KCSD adopts $73.8 million budget06/12/2013 06:13PM ● By Acl
By Steven Hoffman
After identifying more than $950,000 in expenditure reductions since the preliminary budget was approved, the Kennett School Board unanimously adopted a $73.8 million final budget for the 2013-14 school year on June 10.
Taxes will increase by 2.7 percent to support the budget, with the millage rate increasing to 27.4520 mills. That’s up from 26.7303 mills for the current school year. At the time the preliminary budget was approved, district officials projected a 3.8 percent tax increase. Kennett was eligible for exceptions from the state for special education and Pennsylvania School Employees Retirement System (PSERS) contributions that allowed the district to exceed the 1.7 percent Act 1 index. The district also dipped into its fund balance for more than $700,000 to balance the budget.
For the average homeowner in the district, taxes will increase $133 from $4,922 to $5,055.
School board member Michael Finnegan, who serves on the district’s Finance Committee, noted that there were no salary increases in the last year in an effort to keep expenditures down. The district is currently negotiating with the teachers’ union on a new contract for Kennett’s 314 teachers. They have been working without a contract since June 30, 2012. The district is also negotiating with the Kennett Consolidated Support Professionals Association on a new contract.

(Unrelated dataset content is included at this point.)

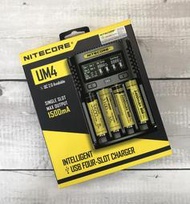 《GTS》 新款 NITECORE UM4 保固一年 全自動智能四槽精準充電器/QC快充 21700保護板可充 SC4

Finnegan said that the district has made some difficult decisions while developing the budget.
“The district is faced with decreasing revenues and increasing expenditures,” he said, noting that declining property values and an unusually high number of tax assessment appeals have resulted in decreasing local revenues for four straight years. The district has seen a $625, 244 decrease in revenue for the current year, and during the last four years assessment appeals have resulted in nearly $3.5 million in revenue declines.
The declining revenues, combined with increasing expenditures, made the tax increase necessary.

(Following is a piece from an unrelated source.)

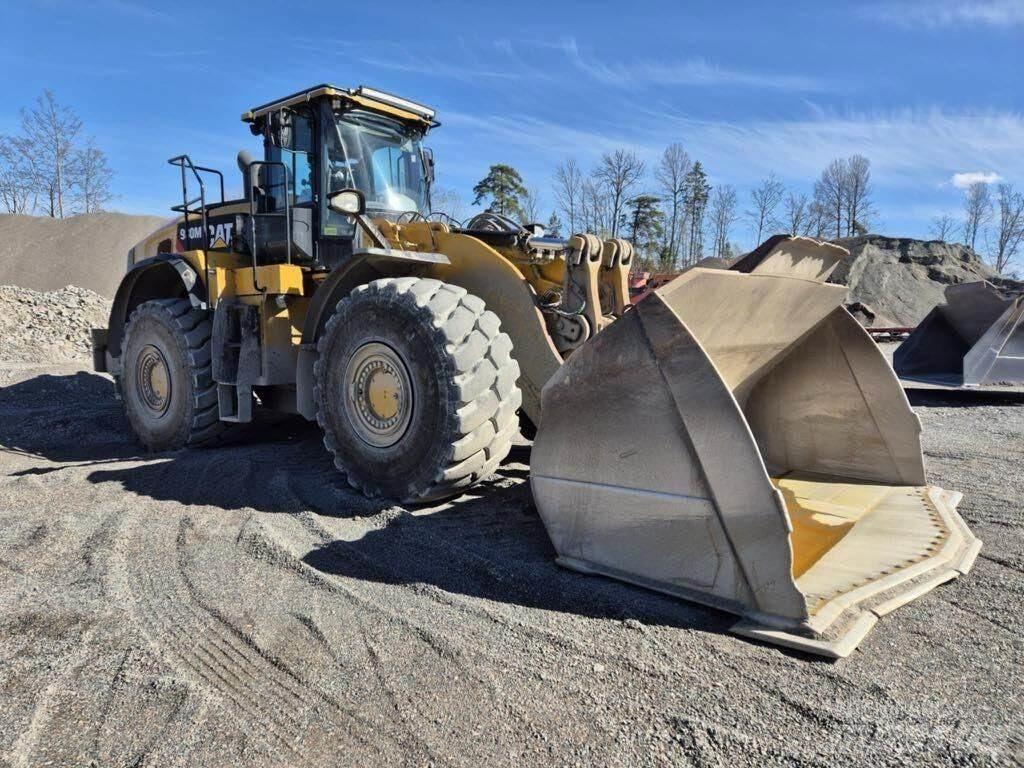 CAT 980M Kolesni nakladalci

“It would be impossible not to increase property taxes without diminishing our current educational programs and long-term objectives,” Finnegan said. “It has been a tough financial year for our district, forcing the board to make some tough and sometimes unpopular decisions.”

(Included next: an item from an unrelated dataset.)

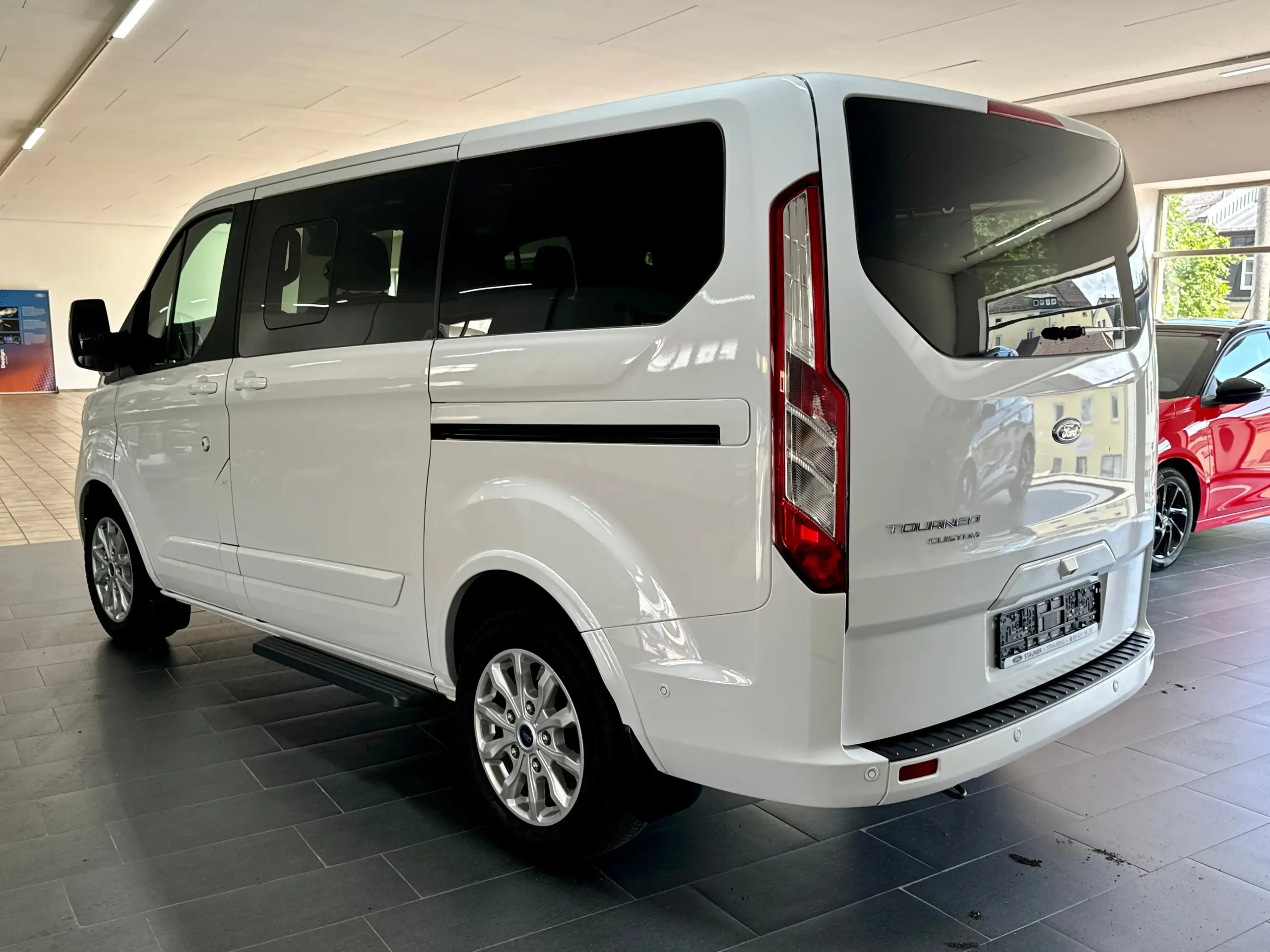 Ford - Tourneo Custom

For example, the board outsourced 66 instructional and teaching assistant positions for a savings of $462,952. The board also considered outsourcing custodial services before being able to reorganize existing staff to save $344,773. This included the elimination of six positions.
Finnegan said that the goal has been to balance the needs of students with the needs of taxpayers.
“By working together with administration and staff,” Finnegan said, “we have managed so far to weather the great recession while maintaining all of our instructional and extracurricular programs, all while striving to not overburden our taxpayers.”
The school board will meet again on Monday, July 8 at 7 p.m. in the District Office.